Failover
Hi all,
Thank every one that replied to my post especially those who helped me solve my problems. The latest problem am having is, I am trying to setup a failover server for qmail server. One server is the promary and the second one is scondary. I want that, when the promary goes down, then the secondary should take over automatically with out the users knowing of failurs. In this case, my choice was heartbeat. But I did every thing I could but the is not working. Please any one have an idea what I can use us a failover? Or even how I can use heartbeat for the qmail server? Also, if any one have a script that can do replication some directories to a secondary qmail server as well as mysql. Thank you all for you assistant. Regards Emmanuel |
Hello,
Can you post your ha.cf and IP configuration. Also are you using ldirectord or pacemaker in combination with HeartBeat to offer virtual service? Post config of what you're using too. Have you checked your logs for errors regarding heartbeat (syslog)? If so what's that saying? I use Unison File Synchronizer on my servers to synchronize any changes I make. What version of MySQL are you using? It's most likely that you can set it up on both servers to replicate, either master-slave setup or master-master. Kind regards, Eric |
ha.cf file:
logfile /var/log/ha-log logfacility local0 keepalive 2 deadtime 30 ping 209.191.122.70 udpport 694 baud 38400 warntime 10 initdead 120 bcast eth0 node mail.domain.com node mail2.domain.com auto_failback on haresources: mail10.teledataict.com 0.0.0.0 mirror httpd qmail mysqld webmin I am not using any other thing apart from heartbeat. I will appreciate it if you can send me to why I can find sample of the unison ryncronizer configuration. |
Hi,
If you state you're not using anything apart from HeartBeat, what do you mean by that? You'll need to have at least one virtual server configured in order to offer it from the cluster. HeartBeat only monitors the status of a server, service, IP and so on. Basically if you only have HeartBeat configured you have the primary layer to build upon. If one server goes down the other will take over. But since you're not offering any virtual services, there is nothing else to see in my opinion. Did you install HeartBeat with Pacemaker, with ldirectord or with another resource manager? I imagine you're using ldirectord since you refer to haresources. Is that one line all you have in the haresources file? Doesn't seem correct to me since you're referring to 0.0.0.0 as IP while that should be the virtual IP you configure to offer the cluster service.

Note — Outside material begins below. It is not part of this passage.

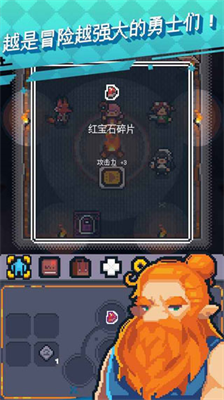 英雄之战内购版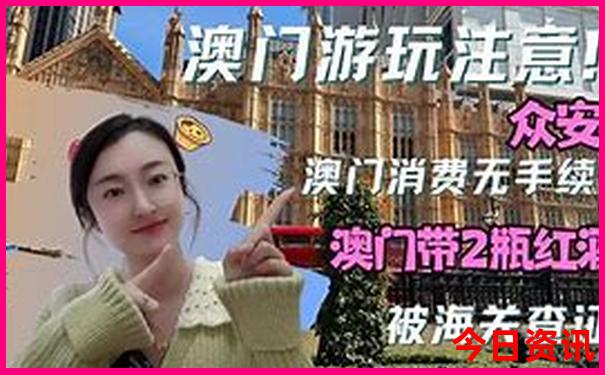四川4日游旅游景点推荐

If you're using ldirectord please post your ldirectord.cf file. Here you can find a great manual for Unison File Synchronizer. And here's a simple example of a configuration file: Code:
# Roots of the synchronization There are a lot more possibilities, have a look at the manual pointed to above. Kind regards, Eric |
I only use yum to install the heartbeat and created those .cf files my self.
In oder to achieve my aim, setting up two mail server which one should serve as primary and the other a the secondary, what do I need? |
Quote:
Heartbeat only takes care of the layer on which the other services are offered, so basically it just checks if the other node(s) are alive, maintains the virtual IP available, and so on. In order to have a setup like you want you'll need also a cluster resource manager in which you define your virtual services (http, mail, and so on). The previous load balancer/resource manager was ldirectord, now it's Pacemaker which has lot's of features. The two sites you need to visit to find all the necessary information are: Linux HA Pacemaker Kind regards, Eric |
Thank you so much. I will check and give you feed back what happen next.
|
I am having trouble installing pacemaker. It is telling me, pacemaker conflicts with heartbeat. Well, right now, I want to use ldirectord for the clustering. But my question is, do I need a three machine to do the, where one will serve as a virtual server, one as master and slave?
Sorry for my ignorance. |
Quote:
Don't apoligize ever for trying and willing to learn! There's no need for it, we all have to start somewhere. I imagine you got the HeartBeat package that comes with ldirectord included and that might be the reason why Pacemaker is complaining. Not sure about that though since I have yet to start with Pacemaker myself (migrate from ldirectord). You can set up a perfect testing environment with two machines, it all depends on your choice and the configuration you set up. You can have for example two identical nodes with the same config and OS. Both of them will be configured with HeartBeat and ldirectord and will be listening on the virtual IP. However the task of HeartBeat is to monitor that 'virtual layer' so that if the first server goes down, the second one automatically gets the virtual layer activated. Only one of the two machines can have the virtual IP assigned at the time, and ldirectord will run on the same server. Hope that makes it a bit clearer. If you need more info just ask and I'll try to explain more in detail (or with the configuration I have setup). Kind regards, Eric |
Thank you very much for your reply.
Actually, I removed the heartbeat and ldirectord from the system before installing the pacemaker. But what am thinking is that, may be the versions of heartbeat on the epel repo is different from the other repo. And both pacemaker and heartbeat is suppose to come from the epel repo together. This is getting interesting though. I am doing this project on two CentOS running qmail email server. I hope my earlier post on this explain all that I wanted to do already. I will be happy if you can give me sample of your setup from A to Z and some detail explanation, so that I can follow that achieve what am after. Happy SFD in advance!!!! |
I have configured the hearbeat and ldirectord. The web seem to be working that is failover, but in the case of the mail server, when I send mail from yahoo for example, the slave is suppose to recive the mail on behalf of the master when it is down, but that is not happening. Rather, the mails keep hanging till the master is up before it gets delivered. I can open the webmail alright and login, but just that the mails are not troping.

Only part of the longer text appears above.